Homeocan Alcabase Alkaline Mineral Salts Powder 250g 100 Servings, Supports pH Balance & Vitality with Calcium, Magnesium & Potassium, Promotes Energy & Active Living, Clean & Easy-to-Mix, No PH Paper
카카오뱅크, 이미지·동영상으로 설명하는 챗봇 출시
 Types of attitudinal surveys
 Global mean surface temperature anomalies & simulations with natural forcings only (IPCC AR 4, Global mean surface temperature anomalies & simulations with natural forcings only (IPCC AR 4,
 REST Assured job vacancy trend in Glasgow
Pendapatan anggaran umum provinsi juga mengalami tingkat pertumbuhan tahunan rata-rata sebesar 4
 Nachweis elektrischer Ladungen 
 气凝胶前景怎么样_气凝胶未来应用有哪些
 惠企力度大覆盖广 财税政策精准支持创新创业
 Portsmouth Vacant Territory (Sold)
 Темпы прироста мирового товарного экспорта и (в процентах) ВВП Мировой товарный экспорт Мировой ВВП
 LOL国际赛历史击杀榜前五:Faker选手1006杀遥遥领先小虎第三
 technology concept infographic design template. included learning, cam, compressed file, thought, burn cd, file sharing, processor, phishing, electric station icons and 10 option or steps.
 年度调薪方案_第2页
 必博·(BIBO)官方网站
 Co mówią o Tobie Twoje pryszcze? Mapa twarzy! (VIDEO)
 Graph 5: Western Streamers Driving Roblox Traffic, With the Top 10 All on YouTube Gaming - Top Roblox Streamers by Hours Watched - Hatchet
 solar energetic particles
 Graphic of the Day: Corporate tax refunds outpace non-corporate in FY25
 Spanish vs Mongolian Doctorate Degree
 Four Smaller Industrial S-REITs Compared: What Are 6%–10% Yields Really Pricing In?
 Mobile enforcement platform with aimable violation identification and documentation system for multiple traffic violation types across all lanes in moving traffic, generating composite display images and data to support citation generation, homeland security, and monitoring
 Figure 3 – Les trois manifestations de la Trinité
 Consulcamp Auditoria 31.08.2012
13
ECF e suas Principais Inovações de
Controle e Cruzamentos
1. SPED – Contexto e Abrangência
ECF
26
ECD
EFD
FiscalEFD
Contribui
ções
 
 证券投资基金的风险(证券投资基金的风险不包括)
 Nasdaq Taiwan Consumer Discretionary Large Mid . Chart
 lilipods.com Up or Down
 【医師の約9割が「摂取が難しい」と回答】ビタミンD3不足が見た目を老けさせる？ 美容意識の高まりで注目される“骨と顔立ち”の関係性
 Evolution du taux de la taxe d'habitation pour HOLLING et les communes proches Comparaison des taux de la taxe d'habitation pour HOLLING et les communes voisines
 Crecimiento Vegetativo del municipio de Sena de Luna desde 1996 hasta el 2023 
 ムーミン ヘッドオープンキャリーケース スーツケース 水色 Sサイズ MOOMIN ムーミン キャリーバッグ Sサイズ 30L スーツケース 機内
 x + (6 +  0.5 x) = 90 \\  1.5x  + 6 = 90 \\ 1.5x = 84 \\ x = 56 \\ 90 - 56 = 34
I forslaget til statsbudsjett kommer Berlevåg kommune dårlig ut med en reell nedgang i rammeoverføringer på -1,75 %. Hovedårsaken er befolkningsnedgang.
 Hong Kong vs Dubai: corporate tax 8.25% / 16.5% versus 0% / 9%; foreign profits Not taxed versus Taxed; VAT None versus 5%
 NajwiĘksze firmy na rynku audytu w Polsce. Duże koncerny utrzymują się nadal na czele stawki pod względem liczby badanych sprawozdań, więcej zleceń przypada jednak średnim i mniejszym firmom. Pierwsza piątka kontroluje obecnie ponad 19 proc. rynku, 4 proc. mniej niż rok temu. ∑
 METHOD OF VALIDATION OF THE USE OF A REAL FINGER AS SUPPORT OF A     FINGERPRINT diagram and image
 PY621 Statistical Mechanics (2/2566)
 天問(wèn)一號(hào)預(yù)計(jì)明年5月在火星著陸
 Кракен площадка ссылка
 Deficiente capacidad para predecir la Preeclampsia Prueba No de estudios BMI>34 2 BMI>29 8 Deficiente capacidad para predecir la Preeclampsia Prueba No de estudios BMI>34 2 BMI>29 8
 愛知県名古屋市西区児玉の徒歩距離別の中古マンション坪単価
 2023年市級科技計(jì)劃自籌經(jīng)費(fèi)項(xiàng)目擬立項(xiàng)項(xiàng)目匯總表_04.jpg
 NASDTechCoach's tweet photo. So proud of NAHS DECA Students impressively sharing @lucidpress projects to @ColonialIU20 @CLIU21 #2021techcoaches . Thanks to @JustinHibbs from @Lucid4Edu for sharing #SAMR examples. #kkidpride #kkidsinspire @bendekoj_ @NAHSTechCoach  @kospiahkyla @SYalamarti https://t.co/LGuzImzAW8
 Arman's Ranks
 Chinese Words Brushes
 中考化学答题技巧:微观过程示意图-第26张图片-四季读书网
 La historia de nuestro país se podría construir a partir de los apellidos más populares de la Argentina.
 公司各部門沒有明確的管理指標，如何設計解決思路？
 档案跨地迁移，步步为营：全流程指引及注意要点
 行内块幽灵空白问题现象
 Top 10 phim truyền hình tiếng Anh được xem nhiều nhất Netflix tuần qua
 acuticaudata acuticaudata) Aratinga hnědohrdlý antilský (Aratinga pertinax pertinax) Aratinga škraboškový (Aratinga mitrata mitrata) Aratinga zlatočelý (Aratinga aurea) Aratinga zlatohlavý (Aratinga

◆ **Task**:
Counting only lines that hold the word "corporate", say how many there are in the listing above and add nothing.

◆ **Task output**:
2